# Comparing Fisher model 500 & SnowEx Mini Pro 575



## wxmn6 (May 23, 2001)

I know that I was interested and talked in great length about Fisher SpeedCaster 2 but after doing my homework, I figured that I don't really need large tailgate spreader unit. 

Right now I am interested in Fisher model 500 (new model released for this season) and SnowEx Mini Pro 575. It is hard for me to compare because they seems to be similar and have roughly the same capacity (I believe). They both have variable speed controller. I know that Fisher models are optional, but everyone seem to have them. Both are mounted to the vehicle hitch, and both have standard two years warranty. However SnowEx have optional additional 5 years warranty that you could purchase to make it a total of 7 years warranty. My dealer sell both of these unit, however I have not got the chance to see them up close in person since I am swamped with leaves cleanup right now. 

Can someone please help point out any difference that I do not know of?
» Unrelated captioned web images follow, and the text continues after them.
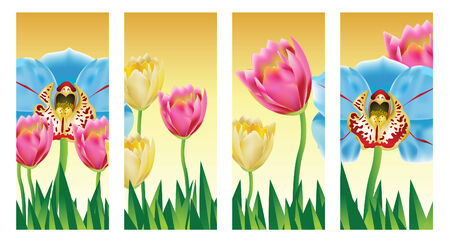 Tulip Orchid Flowers in a set of vertical panels.のイラスト素材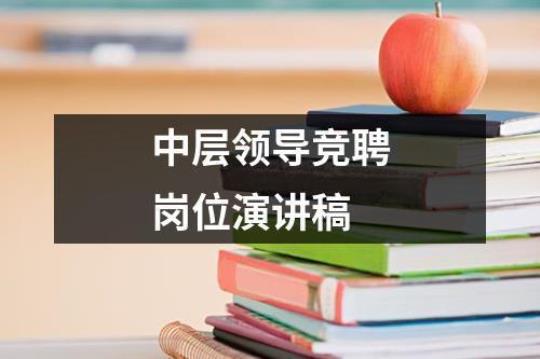 竞聘税务局中层干部演讲稿 冷水江税务局中层干部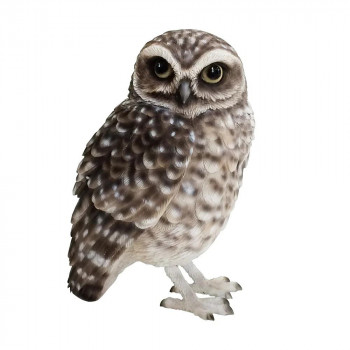 楽天市場】バーディビル (BIRDIE BILL BURROWING OWL)【バーローイング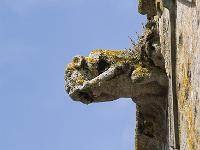 Pont-Croix  Notre-Dame de Roscudon (XIIème siècle) -  Gargouille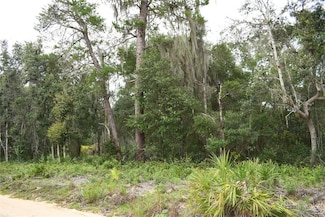 TBD NE 213th Ln, Fort Mc Coy, FL 32134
Which unit have better motor? Spinner? Feeding and spreading the salt? Which would have less chance of clogging up the unit? Overall, which unit would be a better choice? Any input will be appreciated. Thanks!


----------



## snowjoker (Feb 6, 2003)

Stephen.... The snowex has a higher capacity 350 pounds and is also gear driven, but you probably know that though. I don't know how the motor is set up in the 500 series spreader. The snowex is like 100 pounds empty too. John will be back friday so maybe catch up with him this weekend . BTW you can't beat the warranty


----------



## Maine Plow Man (Jun 20, 2003)

One important advantage to the Model 500 is that the motor is internally mounted and protected, as opposed to the Trynex motor being mounted externally and exposed to the corrosive environment generated by a salt spreader.


----------



## Alan (Mar 2, 2000)

The motor on my TrynEx 1075 is enclosed in the bottom frame of the machine. As far as I know the 575 is made the same way. They are well sealed up and are not prone to corrosion in and around the motor/gearcase assembly.


----------



## BRL (Dec 21, 1999)

I can't find the motor on my 575, so I'd say it is well sealed up & out of exposure. Not sure how anyone can answer the comparison questions if the Fisher Unit is new for this year. If its built like they build their other equipment, I'd say it will be a good unit.


----------